When the shell executes this command, the first thing it does is run whatever is inside the $(). It then replaces the $() expression with that command’s output.

Summary

  • find finds files with specific properties that match patterns.
  • grep selects lines in files that match patterns.
  • $([command]) inserts a command’s output in place.

Shell Scripts

We are finally ready to see what makes the shell such a powerful programming environment. We are going to take the commands we repeat frequently and save them in files so that we can re-run all those operations again later by typing a single command.

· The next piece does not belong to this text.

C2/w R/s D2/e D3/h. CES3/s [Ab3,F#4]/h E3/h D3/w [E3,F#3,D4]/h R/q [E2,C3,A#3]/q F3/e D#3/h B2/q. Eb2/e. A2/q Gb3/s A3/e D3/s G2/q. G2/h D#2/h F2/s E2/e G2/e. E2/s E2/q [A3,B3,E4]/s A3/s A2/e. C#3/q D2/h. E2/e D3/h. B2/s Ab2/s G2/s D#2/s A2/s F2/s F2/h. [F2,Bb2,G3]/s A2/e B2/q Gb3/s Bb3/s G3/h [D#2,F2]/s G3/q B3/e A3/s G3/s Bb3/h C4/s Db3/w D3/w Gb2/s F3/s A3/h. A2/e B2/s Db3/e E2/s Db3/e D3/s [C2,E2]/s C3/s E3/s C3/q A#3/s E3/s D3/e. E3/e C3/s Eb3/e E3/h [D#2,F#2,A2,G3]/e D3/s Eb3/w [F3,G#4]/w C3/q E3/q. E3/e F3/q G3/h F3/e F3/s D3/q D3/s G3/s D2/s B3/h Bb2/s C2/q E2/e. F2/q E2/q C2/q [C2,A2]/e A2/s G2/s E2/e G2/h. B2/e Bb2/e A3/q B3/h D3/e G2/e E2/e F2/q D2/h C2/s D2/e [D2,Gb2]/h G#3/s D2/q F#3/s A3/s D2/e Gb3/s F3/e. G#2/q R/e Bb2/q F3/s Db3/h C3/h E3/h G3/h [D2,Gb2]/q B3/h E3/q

For historical reasons, a bunch of commands saved in a file is usually called a shell script.

We can put the for loop we wrote earlier in a shell script called print_tenth_line.sh.

The shell script should contain:

for filename in *txt
do
    echo $filename
    head $filename | tail -n 1
done

Once we have saved the file, we can ask the shell to execute the commands it contains. Our shell is called bash, so we run the following command:

$ bash print_tenth_line.sh
numbers.txt
2
numbers2.txt
2
numbers3.txt
10

Sure enough, our script’s output is exactly what we would get if we ran that loop directly.